→ **Directions**: Below are some records. Write out the line that contains "403 Christopher Ave, Gaithersburg, MD" and all lines after it, exactly, but not the pictures.

Short text fragments from websites
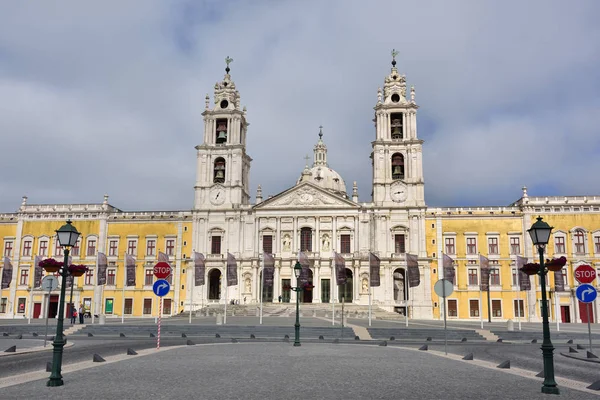 Палац місті Mafra Португалії — стокове фото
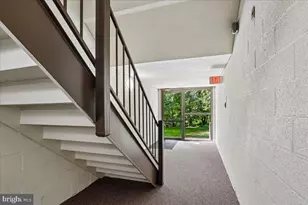 403 Christopher Ave, Gaithersburg, MD 20879 - Photo 4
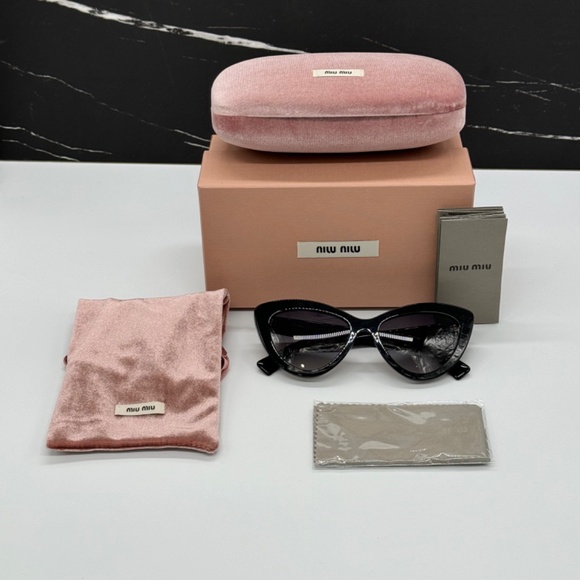 NEW MU04YS 1AB5D1 MIU MIU WOMEN SUNGLASSES MU 04YS 1AB5D1 BLACK CAT EYE - Picture 10 of 10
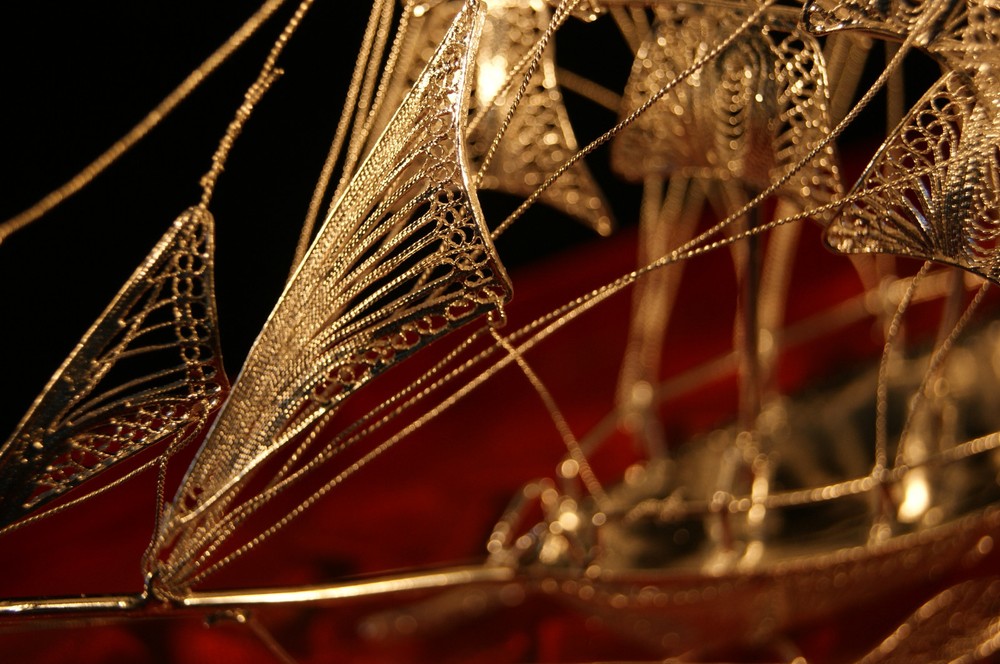 fine silver boat souvenir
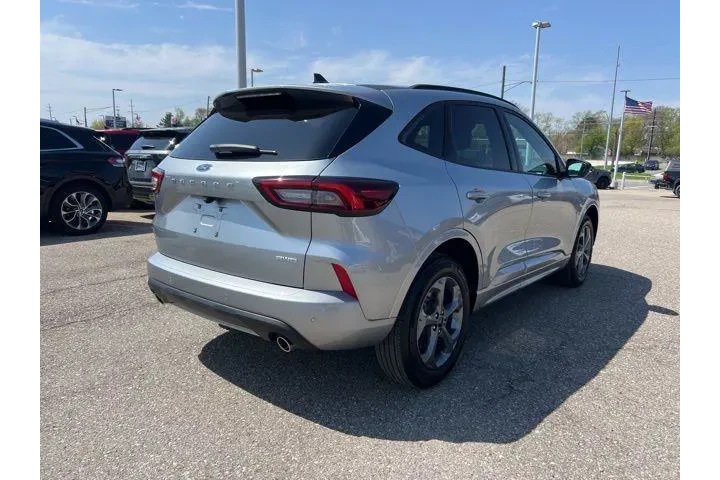 $25944 : Ford Escape 2024 AWD ST-Line image 4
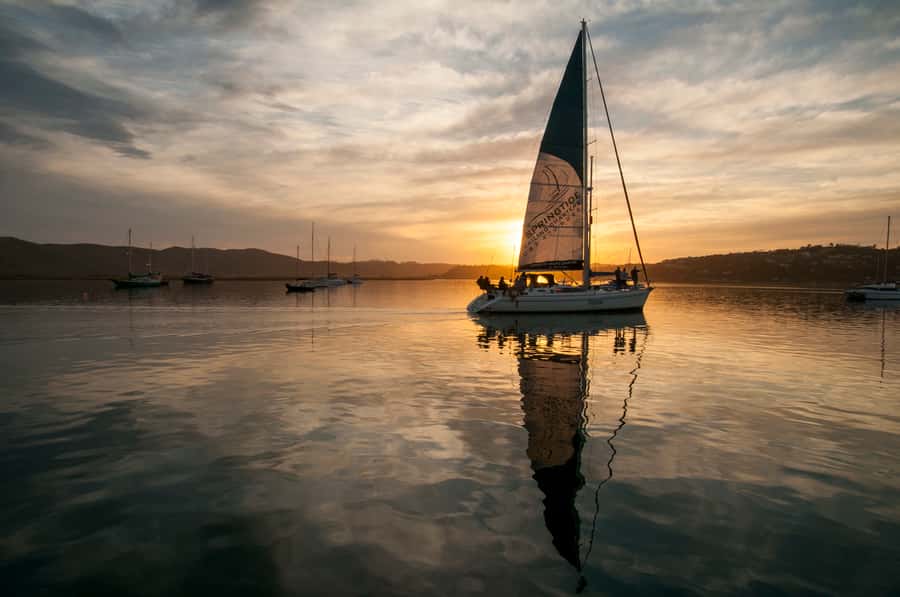 Knysna Sunset Sailing Cruise with Light Dinner and Wine - Your 150-Minute Sailing Timeline: What Happens and When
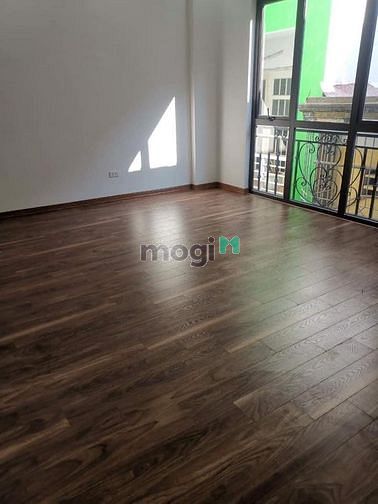 Hình ảnh Nhà mới toanh ở Hoàng Hoa Thám, 34m2-MT 5.3m chưa đến 5tỷ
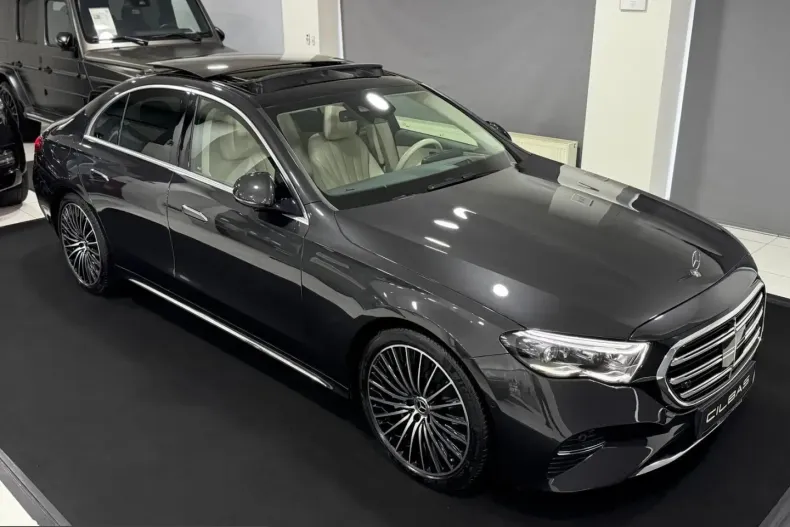 Mercedes-Benz E 400 (Clasa E) din 2023 cu 74.433 km - oferta MER207103 - foto 5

→ **Solution for this task**:
 403 Christopher Ave, Gaithersburg, MD 20879 - Photo 4
 NEW MU04YS 1AB5D1 MIU MIU WOMEN SUNGLASSES MU 04YS 1AB5D1 BLACK CAT EYE - Picture 10 of 10
 fine silver boat souvenir
 $25944 : Ford Escape 2024 AWD ST-Line image 4
 Knysna Sunset Sailing Cruise with Light Dinner and Wine - Your 150-Minute Sailing Timeline: What Happens and When
 Hình ảnh Nhà mới toanh ở Hoàng Hoa Thám, 34m2-MT 5.3m chưa đến 5tỷ
 Mercedes-Benz E 400 (Clasa E) din 2023 cu 74.433 km - oferta MER207103 - foto 5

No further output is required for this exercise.